Caption-style text data:
===
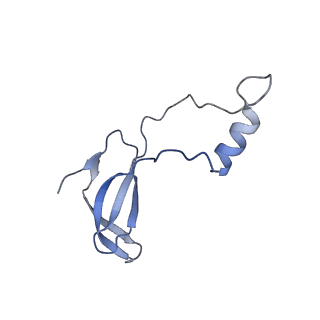 16235_8btr_Lp_v1-2
Giardia Ribosome in PRE-T Hybrid State (D2)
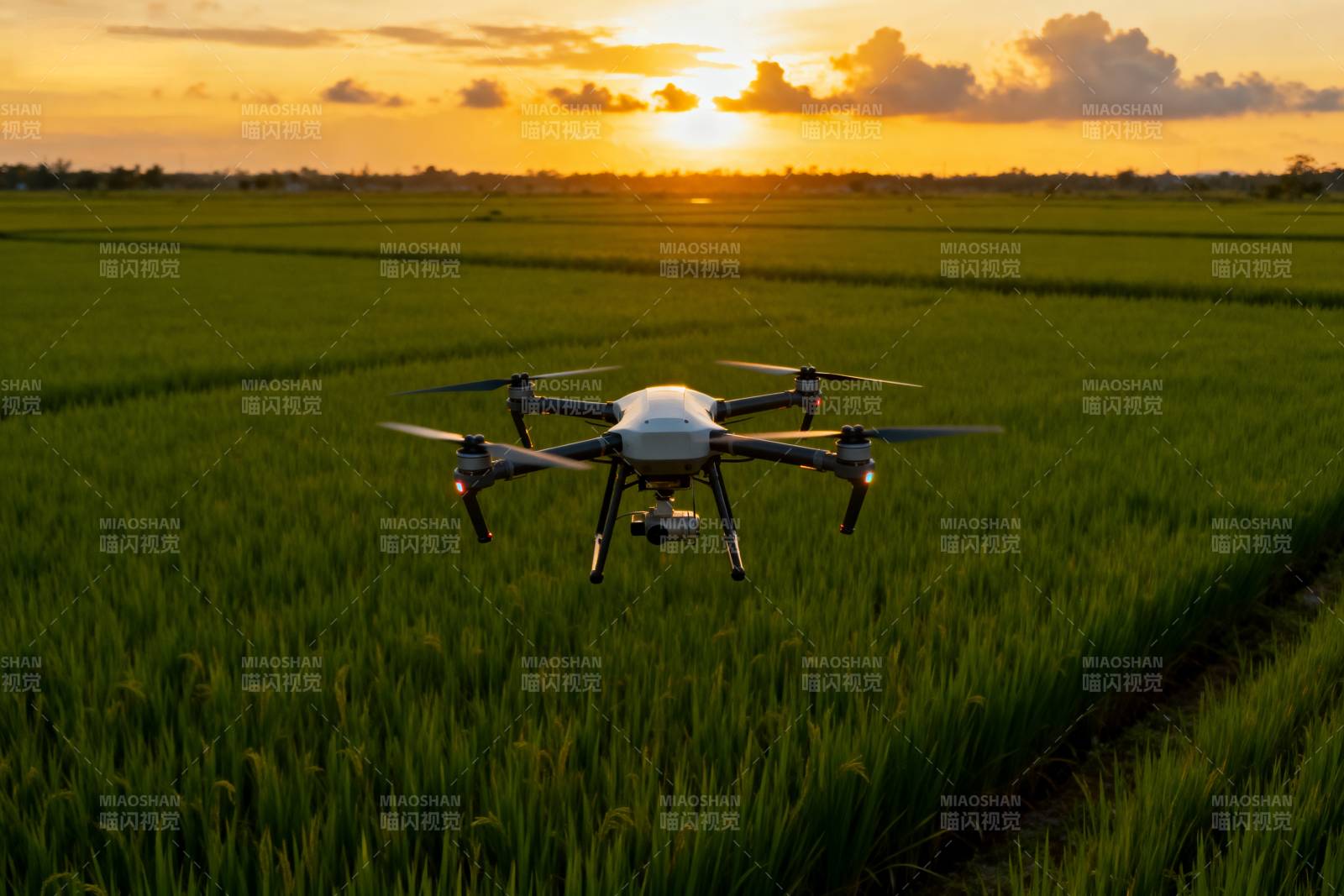 无人机俯瞰稻田日落图片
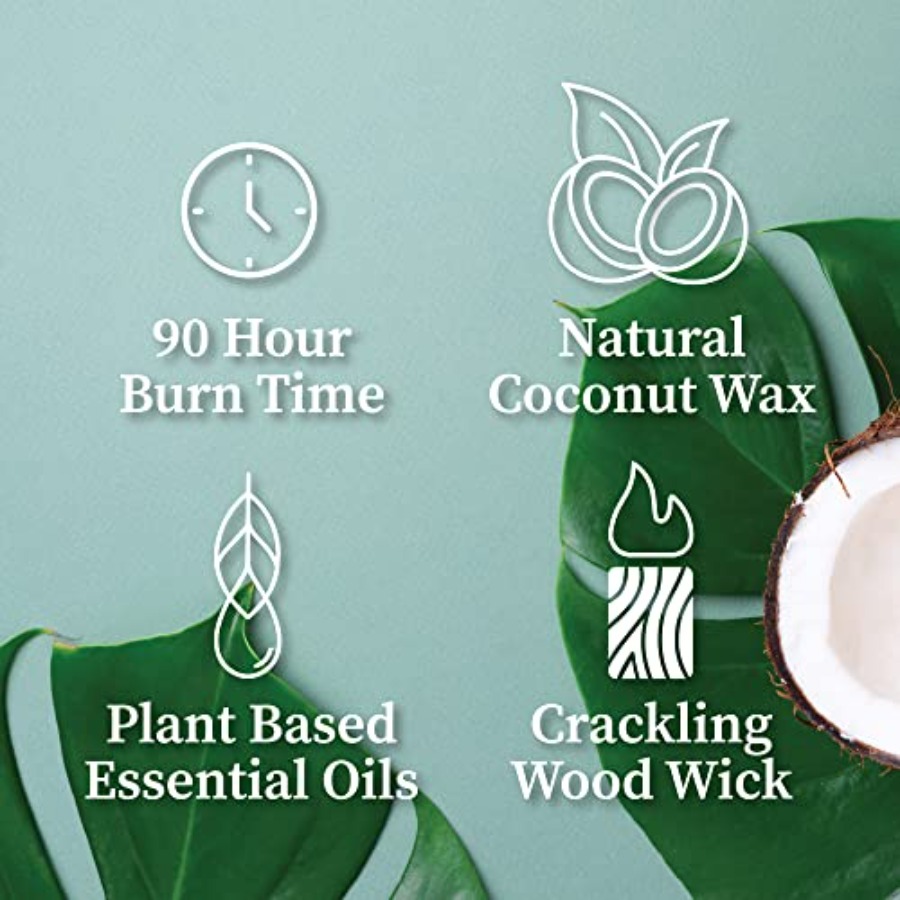 Palo Santo Mountain Sage Apoth – Wood Wick Crackle Bewertung und Preis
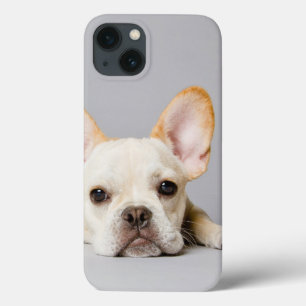 French Bulldog Lying Down iPhone 13 Case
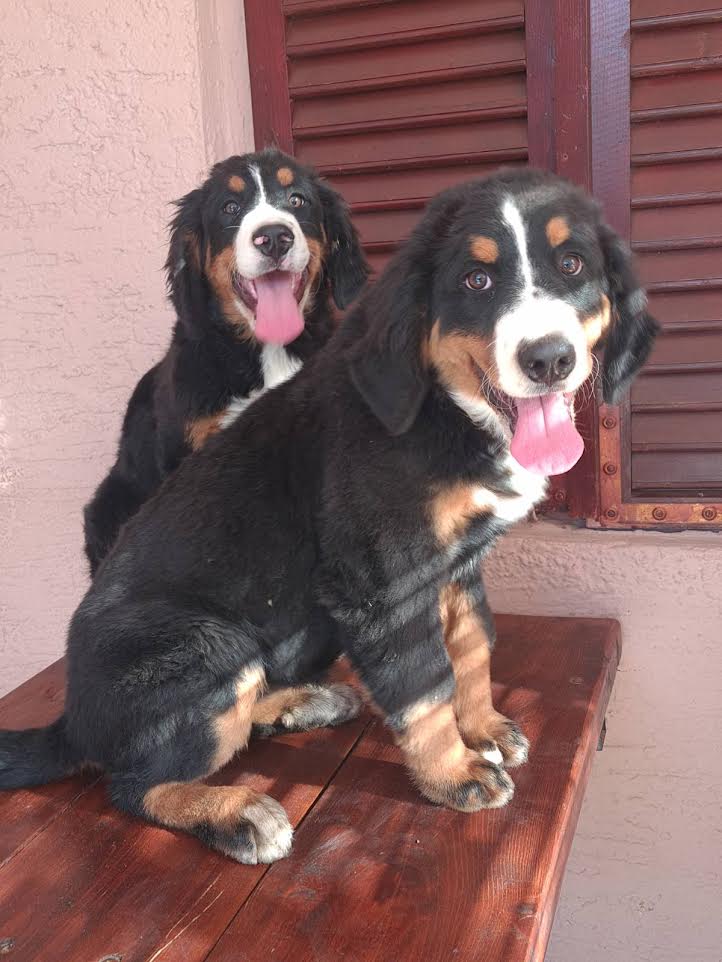 Bernese Mountain Dog females - Vienna Dogs, Puppies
===
> _PROBLEM TO WORK ON_:
In the records above, find the line that contains "Palo Santo Mountain" and repeat exactly that line and all lines after it to the end. Do not include pictures.

> _SOLUTION TO THIS TASK_:
 Palo Santo Mountain Sage Apoth – Wood Wick Crackle Bewertung und Preis
 French Bulldog Lying Down iPhone 13 Case
 Bernese Mountain Dog females - Vienna Dogs, Puppies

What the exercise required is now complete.